IL «RE DI MAGGIO» SE NE VA

Il 13 giugno stesso, nel primo pomeriggio, Umberto II dopo aver salutato la guardia nel cortile del Quirinale partì dall’aeroporto di Ciampino verso il Portogallo, con una decisione unilaterale che, secondo De Gasperi, egli avrebbe cercato di tener nascosta. Il proclama dell’ ormai ex re fu definito dal Presidente del Consiglio «documento penoso, impostato su basi false e artificiose». De Gasperi ribadì che i dati diffusi dalla Corte di Cassazione il 10 giugno 1946 non si dovevano considerare una semplice comunicazione, ma erano invece una proclamazione a tutti gli effetti. Il 18 giugno, infine, la Corte  di cassazione con dodici voti contro sette proclamò i risultati definitivi. La Repubblica ottenne il 54,3% (12.718.641 voti), mentre a favore della  monarchia si espressero 10.718.502 elettori (pari al 45,7%). Tutti i ricorsi dei monarchici furono respinti dalla Cassazione. Secondo la Suprema Corte per maggioranza degli elettori votanti si doveva intendere maggioranza dei voti validi e le voci di presunti brogli non ebbero riscontro.

CELEBRAZIONI E FESTE NAZIONALI

Prima del 1946 la giornata in onore del Regno d’Italia era la festa dello Statuto Albertino, che cadeva la prima domenica di giugno.
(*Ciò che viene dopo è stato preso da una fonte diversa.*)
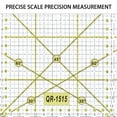 thumbnail image 3 of Square Tool Ruler Sewing for Fabric Quilt Patchwork Grid Line Precise, 3 of 6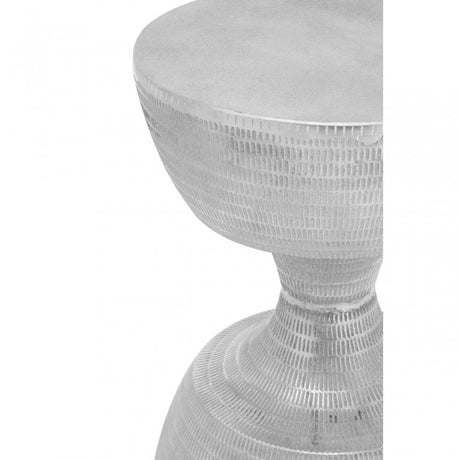 Matin Small Stool, Aluminium, Silver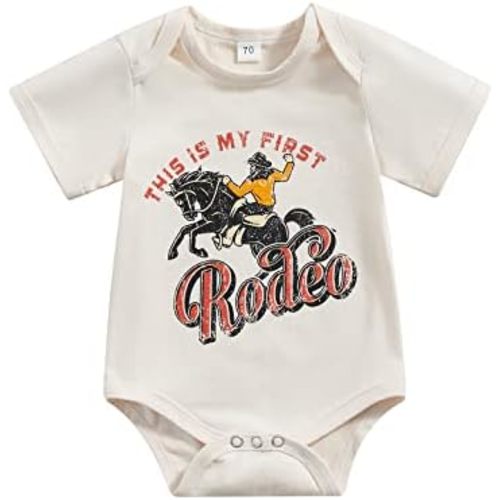 Kayotuas Western Baby Boy Girl Clothes Cow Print Bubble Romper Oversized Short Sleeve Tshirt Bodysuit Infant Summer Outfits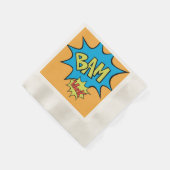 Comic Book "Bam"-ballon Servetten (Hoek)
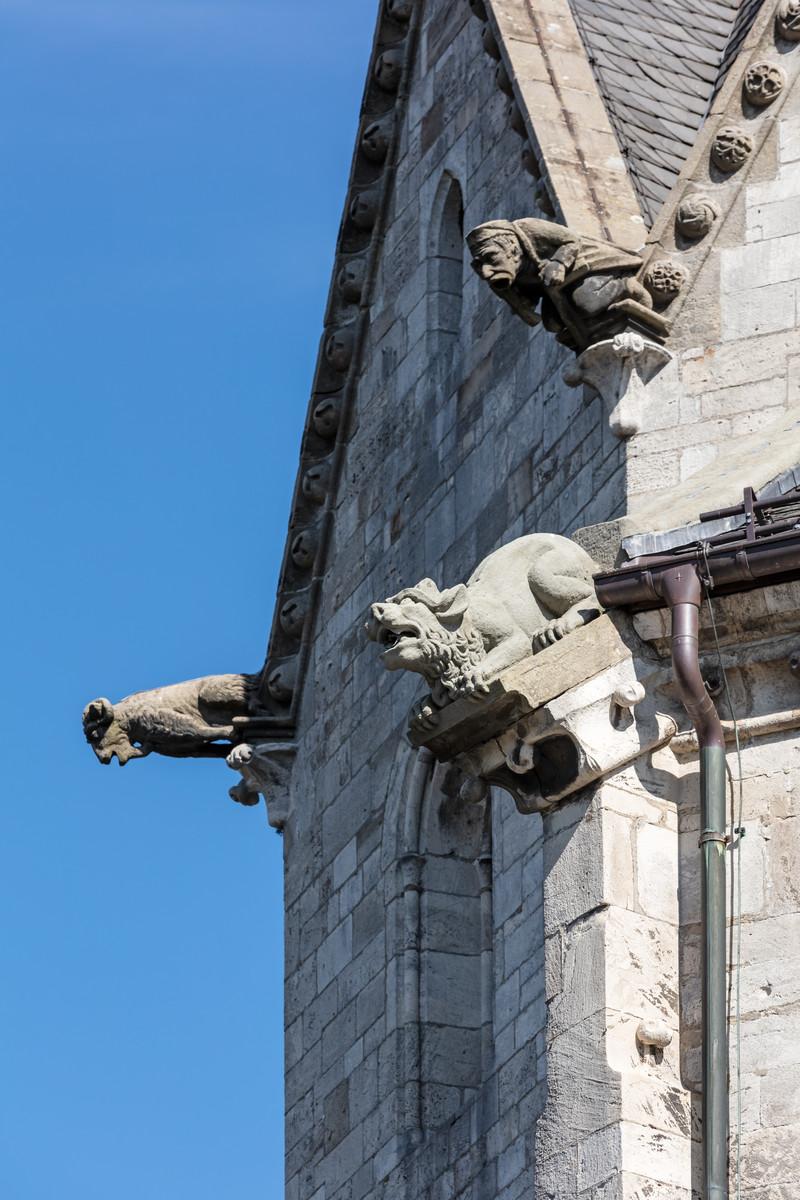 Wasserspeier an der Kirche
Dopo la svolta fu proclamato festa nazionale l’11 giugno 1946, il primo giorno di vita della Repubblica, ma la prima Festa della Repubblica come tale fu celebrata il 2 giugno 1947, nell’ anniversario del Referendum. Nel 1948 si tenne anche la prima parata militare in via dei Fori Imperiali a Roma, anche se il 2 giugno divenne festa nazionale a tutti gli effetti soltanto nel 1949 e il primo Presidente della Repubblica a celebrarla fu Luigi Einaudi. Dal 1° gennaio 1948, con l’entrata in vigore della Costituzione della Repubblica, venne introdotta la XIII disposizione transitoria che recitava così: «I membri e i discendenti di Casa Savoia non sono elettori e non possono ricoprire uffici pubblici né cariche elettive. Agli ex re di Casa Savoia, alle loro consorti e ai loro discendenti maschi sono vietati l’ingresso e il soggiorno nel territorio nazionale». Questa disposizione, poco transitoria, ebbe vita lunga e fu abrogata solo nel 2002. Umberto II, il Re di maggio, era morto da quasi vent’anni, nel lontano 1983.